Category Archives: research for policy

Understanding Research: Top Ten Tips

This is a #TBT post, sharing a research guide I wrote in 2001 for the National Association of Child Advocates, which became Voices for America’s Children. As the push for evidence-based policy grows, these points remain relevant today. The original four-page brief (PDF) is also available here.

data chart imageResearch allows us to assess the effectiveness of policies and programs affecting the lives of children and families. Having research evidence to recommend or refute specific policy choices is especially relevant in this era of increased demand for accountability in human services and government.

But how can you tell if a given research study is one you can trust? Below are tips to evaluate the research you encounter.

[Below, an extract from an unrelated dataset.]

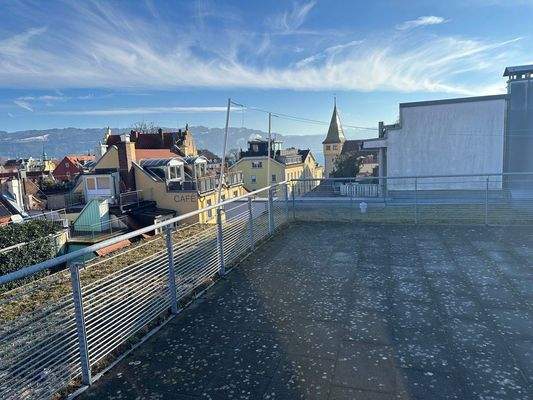 Dachterrasse Allgemeinheit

  1. Consider the source. Evaluate the credibility of the individual(s) and the organization that produced the research. Research produced by respected researchers and institutions is more likely to be trustworthy. Also, research produced or funded by groups with a strong political or commercial agenda is less trustworthy, since these groups have a vested interest in the study’s findings supporting their viewpoint.
  2. Media is also a source to be evaluated. Media coverage may not fully or accurately summarize the original research. Because research can be technical and complex, and because media coverage often seeks to be attention grabbing and succinct, media reporting of research sometimes oversimplifies the research, leading to misinterpretation.
  3. Has the research been published, and where? Research published in peer-reviewed research journals is more trustworthy because it has been scrutinized by other researchers before being published. Unpublished research, or research published in publications that don’t critically evaluate it, has not gone through such scrutiny. However, even good research starts out unpublished, so just because a study is unpublished does not mean that it is poor quality.
  4. Research results are really about the topic as measured, not as we may think of it. Look closely at how the topic in a study was measured. Since a research topic, such as aggression, could mean different things to different people, researchers always come up with a more specific definition of the topic they are studying. The results from a study are really about the precise definition, rather than the larger topic.
  5. Different types of research have different strengths. Another indicator of the quality of a research study, and the claims that can be made based on it, is the study’s research design. Experimental design studies offer the strongest evidence about the impact of a program. Quasi-experimental studies are especially useful for studying complex systems as they exist naturally in the community. Qualitative studies often provide descriptive, story-like accounts of people’s experiences in a program or in a community.
  6. Sampling is more important than sample size. While a study’s sample size is important, even more important is the way the sample was collected. Quantitative research is based on the assumption that the findings for a sample of people can be generalized to the larger population. If the procedures to select the study’s sample are not done well, then we cannot assume that the findings for the sample generalize to the population, and the study’s findings would not be valid.
  7. Statistical significance explained. One of the things advocates value most about research is getting “hard data,” i.e., numbers, about the effects of a policy on children. A study reports a statistically significant difference between those who received a program and those that did not. But what does statistical significance mean, and what can we conclude from it? A statistically significant result is one that is unlikely to be due to chance. Researchers use statistics to test whether the results they found are likely to be due to the effect of the program being studied and not to other unrelated factors. Statistical significance is different than the substantive significance, or meaningfulness, of a finding. A result may be statistically significant but unimportant. Conversely, a result may not be statistically significant, but it may be meaningful.
  8. Research findings are about groups. Research results are usually based on comparisons between groups of people. This makes research findings particularly relevant for policy decisions since policies affect groups of people, but less relevant for individual case decisions.
  9. All research is not created equal. When comparing the results from different studies with conflicting findings, higher-quality studies should be given more weight. Better studies can refute poorer studies; there is not a one-to-one comparison.
  10. Any one study is not the whole story. Although we usually come across research one study at a time, research is most valuable when many specific studies are taken together to tell the whole story of what we know on a given topic. Any single study, no matter how good, needs to be viewed in the context of other research on the topic.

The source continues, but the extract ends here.